* Task description *
As you write out the lines from the one containing "Image de Utricularia pusilla Vahl" through the last line of the records, keep them exact and leave out pictures.

* Records for processing *

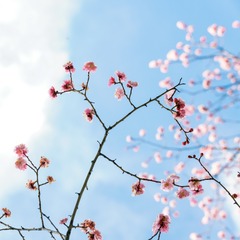 0D49C0EE-7F0F-42A5-9142-90AFDB122B74/L0/001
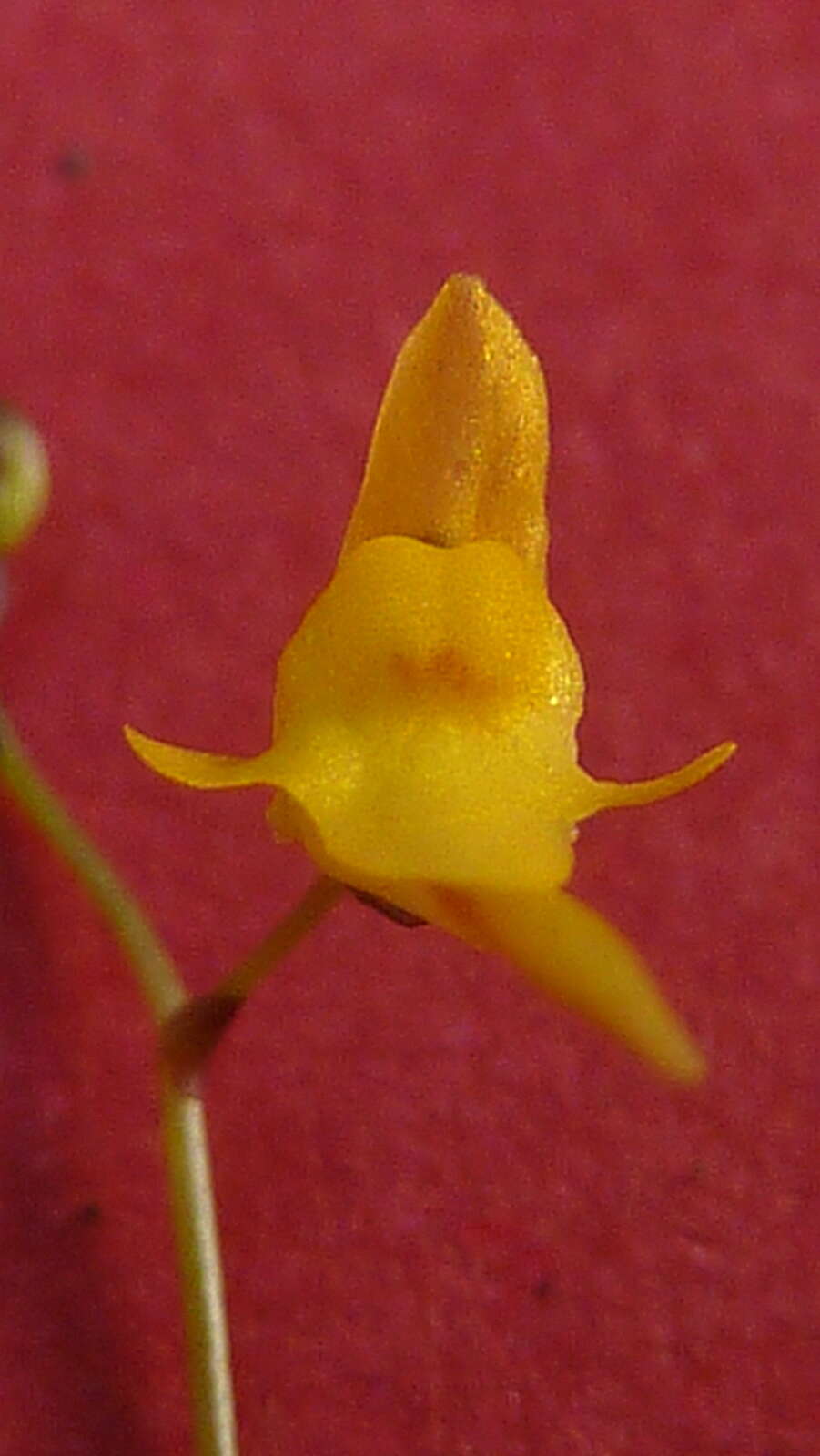 Image de Utricularia pusilla Vahl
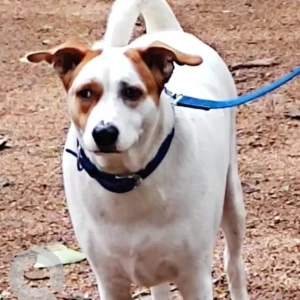 A White-Brown Mix Indie Dog Missing from Greater Hyderabad Municipal Corporation Central Zone, Hyderabad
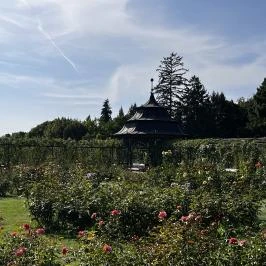 Cziráky Margit Rózsakert, Fertőd - Egyéb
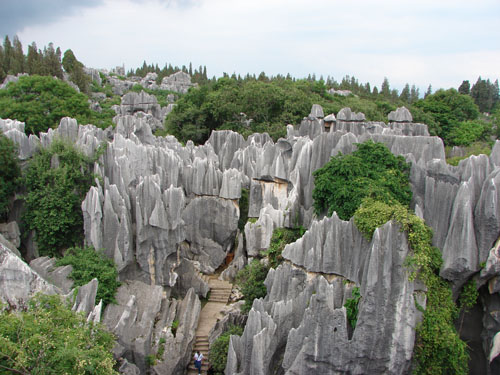 云南行 (372).JPG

* Response for this exercise *
 Image de Utricularia pusilla Vahl
 A White-Brown Mix Indie Dog Missing from Greater Hyderabad Municipal Corporation Central Zone, Hyderabad
 Cziráky Margit Rózsakert, Fertőd - Egyéb
 云南行 (372).JPG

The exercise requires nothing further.